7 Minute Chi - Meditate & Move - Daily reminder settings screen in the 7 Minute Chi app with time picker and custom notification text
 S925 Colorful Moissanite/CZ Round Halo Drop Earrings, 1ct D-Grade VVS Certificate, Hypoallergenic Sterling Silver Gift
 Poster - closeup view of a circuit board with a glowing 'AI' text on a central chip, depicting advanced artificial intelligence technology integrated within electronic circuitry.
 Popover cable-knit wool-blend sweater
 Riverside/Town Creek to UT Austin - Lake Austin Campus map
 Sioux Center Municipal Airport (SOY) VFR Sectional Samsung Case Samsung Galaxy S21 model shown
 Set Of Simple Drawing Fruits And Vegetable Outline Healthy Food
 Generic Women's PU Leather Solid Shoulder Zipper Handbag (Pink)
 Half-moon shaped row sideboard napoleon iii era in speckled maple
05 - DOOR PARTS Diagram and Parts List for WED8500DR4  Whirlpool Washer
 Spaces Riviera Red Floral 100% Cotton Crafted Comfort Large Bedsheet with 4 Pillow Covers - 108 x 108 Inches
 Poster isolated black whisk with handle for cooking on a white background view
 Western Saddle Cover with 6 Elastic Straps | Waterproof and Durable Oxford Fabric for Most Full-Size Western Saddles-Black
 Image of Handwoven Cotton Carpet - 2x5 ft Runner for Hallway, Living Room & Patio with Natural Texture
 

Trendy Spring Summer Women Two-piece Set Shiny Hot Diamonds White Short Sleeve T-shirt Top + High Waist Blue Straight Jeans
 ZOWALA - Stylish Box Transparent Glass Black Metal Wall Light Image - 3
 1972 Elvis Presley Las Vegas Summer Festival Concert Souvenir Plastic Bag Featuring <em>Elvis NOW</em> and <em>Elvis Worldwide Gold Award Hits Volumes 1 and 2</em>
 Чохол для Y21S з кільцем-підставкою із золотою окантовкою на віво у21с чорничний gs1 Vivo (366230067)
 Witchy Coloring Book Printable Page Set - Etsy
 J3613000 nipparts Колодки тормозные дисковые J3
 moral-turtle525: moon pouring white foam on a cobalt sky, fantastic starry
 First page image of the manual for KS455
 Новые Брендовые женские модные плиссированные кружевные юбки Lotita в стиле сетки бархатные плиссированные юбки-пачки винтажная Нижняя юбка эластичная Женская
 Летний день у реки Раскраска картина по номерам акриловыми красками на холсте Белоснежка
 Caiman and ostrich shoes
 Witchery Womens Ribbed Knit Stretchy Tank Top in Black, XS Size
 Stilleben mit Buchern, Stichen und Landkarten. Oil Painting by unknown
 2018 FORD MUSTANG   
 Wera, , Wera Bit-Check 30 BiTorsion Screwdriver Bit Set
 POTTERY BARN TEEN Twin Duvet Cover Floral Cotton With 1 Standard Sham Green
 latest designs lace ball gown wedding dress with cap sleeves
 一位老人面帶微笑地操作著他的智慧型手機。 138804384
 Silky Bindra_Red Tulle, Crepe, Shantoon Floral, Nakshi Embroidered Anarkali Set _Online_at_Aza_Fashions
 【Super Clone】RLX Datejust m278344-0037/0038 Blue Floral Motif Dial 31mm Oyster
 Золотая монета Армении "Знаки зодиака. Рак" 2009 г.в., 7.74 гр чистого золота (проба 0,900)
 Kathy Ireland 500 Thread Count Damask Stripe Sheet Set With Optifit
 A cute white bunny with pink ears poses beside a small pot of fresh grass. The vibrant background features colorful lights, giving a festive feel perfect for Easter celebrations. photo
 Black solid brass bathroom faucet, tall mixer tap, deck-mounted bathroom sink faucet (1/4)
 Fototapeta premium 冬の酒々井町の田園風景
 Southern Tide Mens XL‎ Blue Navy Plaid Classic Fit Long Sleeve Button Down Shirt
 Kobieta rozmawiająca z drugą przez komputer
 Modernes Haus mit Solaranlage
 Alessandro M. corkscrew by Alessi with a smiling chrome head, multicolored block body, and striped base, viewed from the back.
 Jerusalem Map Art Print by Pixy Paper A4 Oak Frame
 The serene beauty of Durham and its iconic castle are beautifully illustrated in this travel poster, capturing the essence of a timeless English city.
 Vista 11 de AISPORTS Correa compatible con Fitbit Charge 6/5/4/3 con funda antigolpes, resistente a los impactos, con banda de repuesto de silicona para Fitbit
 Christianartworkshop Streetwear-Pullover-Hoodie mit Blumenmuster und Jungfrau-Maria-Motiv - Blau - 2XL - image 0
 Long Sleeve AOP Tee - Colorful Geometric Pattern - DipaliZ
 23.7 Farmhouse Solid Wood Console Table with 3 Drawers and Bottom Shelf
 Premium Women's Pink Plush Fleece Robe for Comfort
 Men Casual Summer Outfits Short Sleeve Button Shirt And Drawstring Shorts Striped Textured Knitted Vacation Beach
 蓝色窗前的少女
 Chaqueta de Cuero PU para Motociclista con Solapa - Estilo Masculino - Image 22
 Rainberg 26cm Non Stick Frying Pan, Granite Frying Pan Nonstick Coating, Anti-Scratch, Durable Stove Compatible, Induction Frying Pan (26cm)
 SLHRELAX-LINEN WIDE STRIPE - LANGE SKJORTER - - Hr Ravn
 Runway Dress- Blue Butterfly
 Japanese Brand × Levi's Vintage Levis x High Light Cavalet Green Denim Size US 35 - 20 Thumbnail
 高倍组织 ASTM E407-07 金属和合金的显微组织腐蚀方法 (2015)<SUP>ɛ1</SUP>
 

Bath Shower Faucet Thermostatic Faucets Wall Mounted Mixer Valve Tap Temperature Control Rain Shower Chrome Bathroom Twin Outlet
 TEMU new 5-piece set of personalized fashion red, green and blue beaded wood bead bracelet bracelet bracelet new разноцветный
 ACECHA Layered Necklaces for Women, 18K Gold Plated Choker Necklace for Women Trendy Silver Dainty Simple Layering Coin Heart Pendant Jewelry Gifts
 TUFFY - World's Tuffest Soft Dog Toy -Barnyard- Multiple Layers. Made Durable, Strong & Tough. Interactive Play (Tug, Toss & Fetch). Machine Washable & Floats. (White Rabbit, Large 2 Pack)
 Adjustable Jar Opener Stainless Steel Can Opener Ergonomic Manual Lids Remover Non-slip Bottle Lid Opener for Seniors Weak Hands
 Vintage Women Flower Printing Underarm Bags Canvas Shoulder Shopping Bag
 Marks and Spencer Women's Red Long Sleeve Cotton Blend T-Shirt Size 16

+++

▶ Aim of the exercise
Look through the data above and return exactly the lines from the one that contains "Vista 11 de" to the one that contains "Bath Shower Faucet", inclusive, with nothing else.

▶ Output below
 Vista 11 de AISPORTS Correa compatible con Fitbit Charge 6/5/4/3 con funda antigolpes, resistente a los impactos, con banda de repuesto de silicona para Fitbit
 Christianartworkshop Streetwear-Pullover-Hoodie mit Blumenmuster und Jungfrau-Maria-Motiv - Blau - 2XL - image 0
 Long Sleeve AOP Tee - Colorful Geometric Pattern - DipaliZ
 23.7 Farmhouse Solid Wood Console Table with 3 Drawers and Bottom Shelf
 Premium Women's Pink Plush Fleece Robe for Comfort
 Men Casual Summer Outfits Short Sleeve Button Shirt And Drawstring Shorts Striped Textured Knitted Vacation Beach
 蓝色窗前的少女
 Chaqueta de Cuero PU para Motociclista con Solapa - Estilo Masculino - Image 22
 Rainberg 26cm Non Stick Frying Pan, Granite Frying Pan Nonstick Coating, Anti-Scratch, Durable Stove Compatible, Induction Frying Pan (26cm)
 SLHRELAX-LINEN WIDE STRIPE - LANGE SKJORTER - - Hr Ravn
 Runway Dress- Blue Butterfly
 Japanese Brand × Levi's Vintage Levis x High Light Cavalet Green Denim Size US 35 - 20 Thumbnail
 高倍组织 ASTM E407-07 金属和合金的显微组织腐蚀方法 (2015)<SUP>ɛ1</SUP>
 

Bath Shower Faucet Thermostatic Faucets Wall Mounted Mixer Valve Tap Temperature Control Rain Shower Chrome Bathroom Twin Outlet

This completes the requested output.